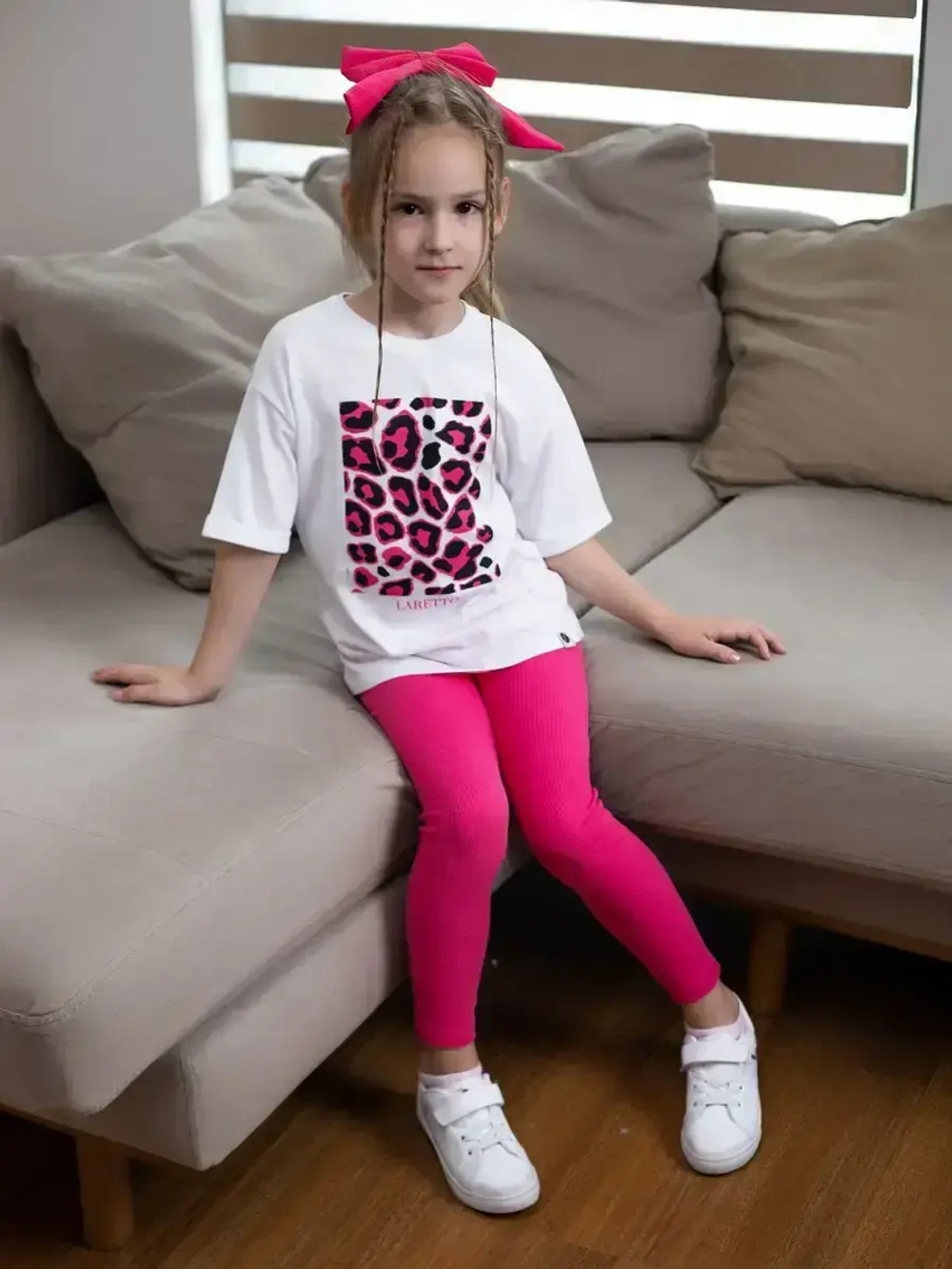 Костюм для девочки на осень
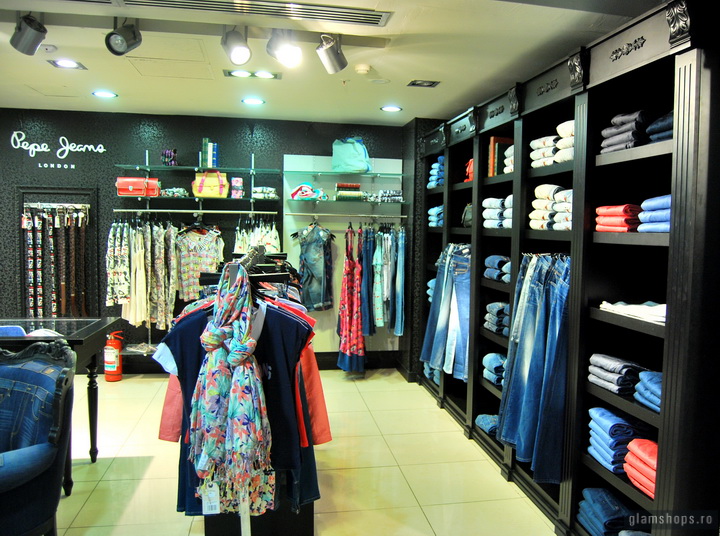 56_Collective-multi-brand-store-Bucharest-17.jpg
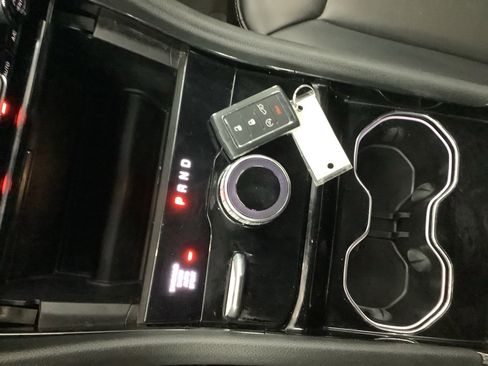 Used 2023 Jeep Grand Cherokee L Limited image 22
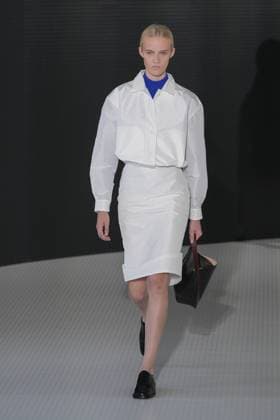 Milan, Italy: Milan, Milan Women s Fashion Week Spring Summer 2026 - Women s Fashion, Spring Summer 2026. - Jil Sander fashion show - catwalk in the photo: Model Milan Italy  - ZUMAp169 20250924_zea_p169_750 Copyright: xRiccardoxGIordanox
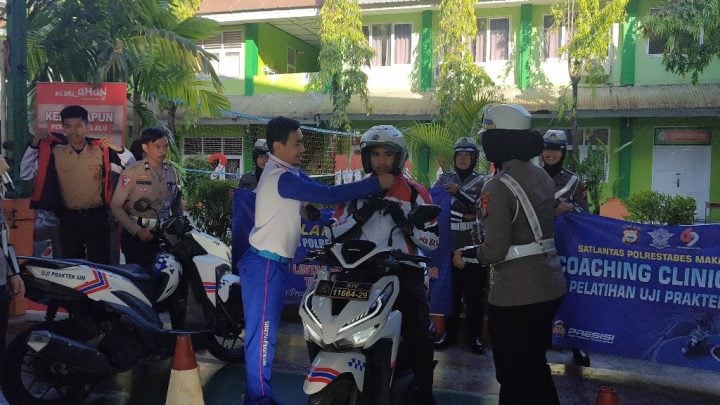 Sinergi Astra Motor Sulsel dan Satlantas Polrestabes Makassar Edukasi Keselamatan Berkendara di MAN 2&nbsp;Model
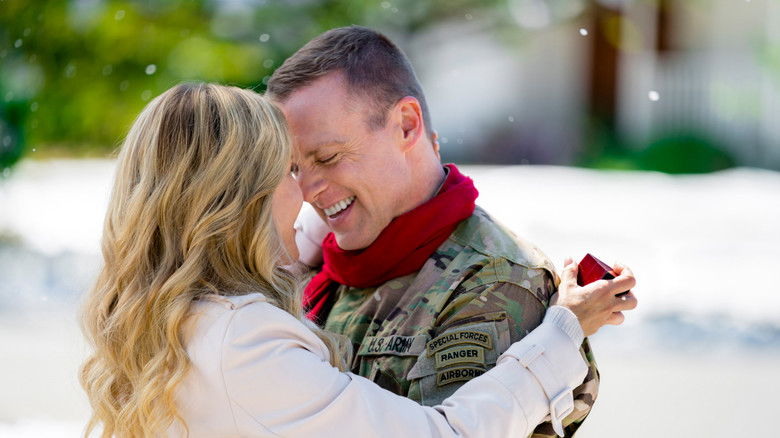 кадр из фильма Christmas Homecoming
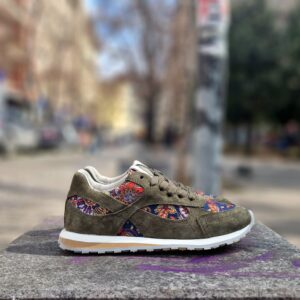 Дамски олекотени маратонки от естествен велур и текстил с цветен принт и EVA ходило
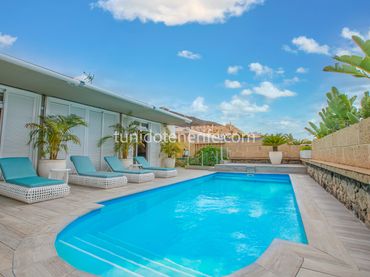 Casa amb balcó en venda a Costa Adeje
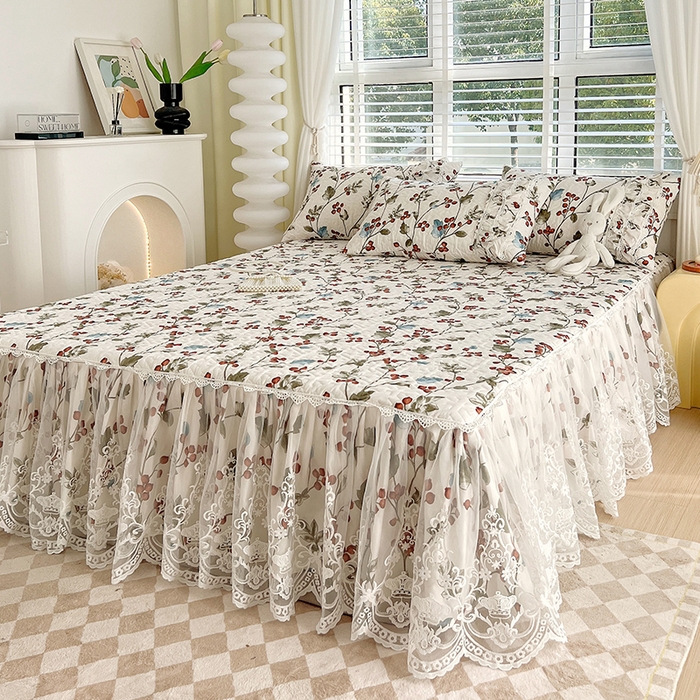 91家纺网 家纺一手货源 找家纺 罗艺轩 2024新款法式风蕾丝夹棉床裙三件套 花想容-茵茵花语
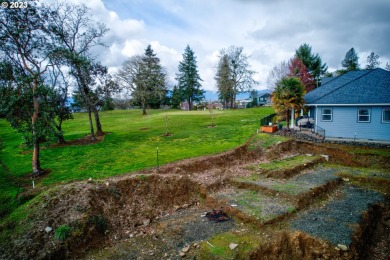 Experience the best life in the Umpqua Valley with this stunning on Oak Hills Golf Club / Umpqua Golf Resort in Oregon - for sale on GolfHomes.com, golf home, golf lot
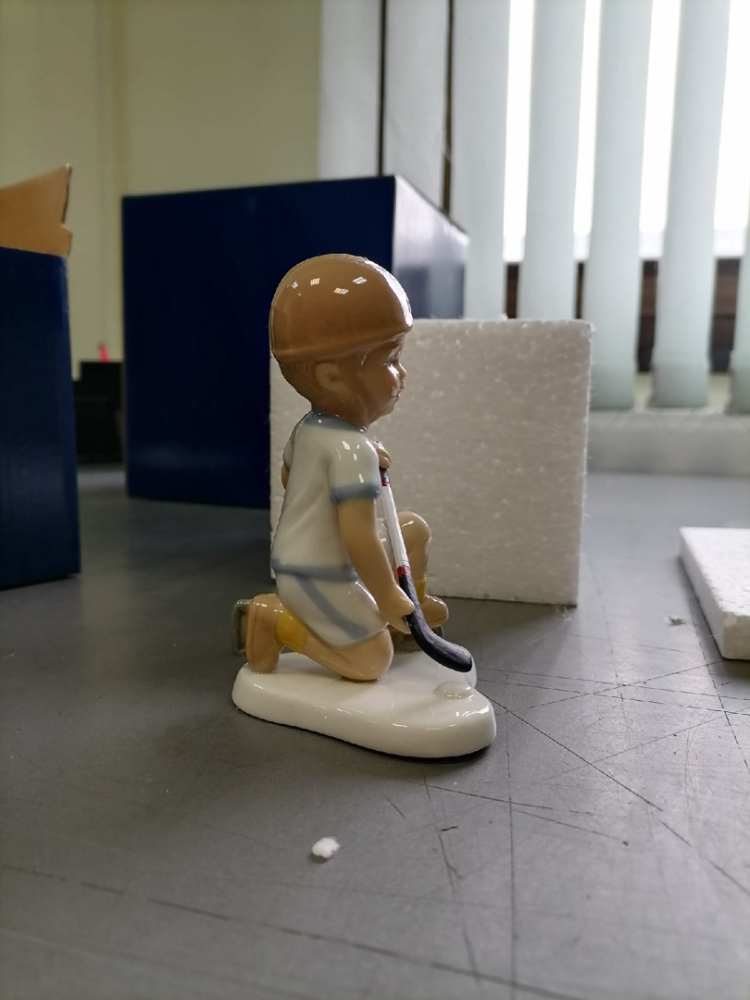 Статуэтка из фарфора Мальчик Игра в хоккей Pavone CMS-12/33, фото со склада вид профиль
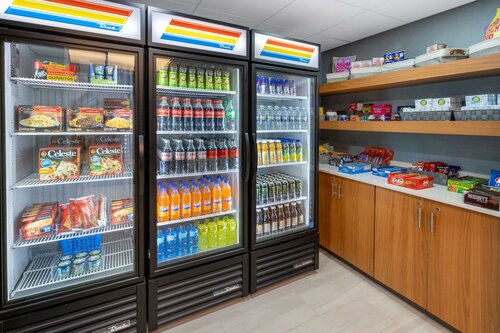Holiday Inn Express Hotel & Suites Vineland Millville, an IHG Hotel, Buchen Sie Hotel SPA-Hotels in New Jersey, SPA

§ **Work task**: Reproduce only the lines of the records from the start up to and including the line that holds "Дамски олекотени маратонки"; do not carry over any picture.

§ **Exercise solution**:
 Костюм для девочки на осень
 56_Collective-multi-brand-store-Bucharest-17.jpg
 Used 2023 Jeep Grand Cherokee L Limited image 22
 Milan, Italy: Milan, Milan Women s Fashion Week Spring Summer 2026 - Women s Fashion, Spring Summer 2026. - Jil Sander fashion show - catwalk in the photo: Model Milan Italy  - ZUMAp169 20250924_zea_p169_750 Copyright: xRiccardoxGIordanox
 Sinergi Astra Motor Sulsel dan Satlantas Polrestabes Makassar Edukasi Keselamatan Berkendara di MAN 2&nbsp;Model
 кадр из фильма Christmas Homecoming
 Дамски олекотени маратонки от естествен велур и текстил с цветен принт и EVA ходило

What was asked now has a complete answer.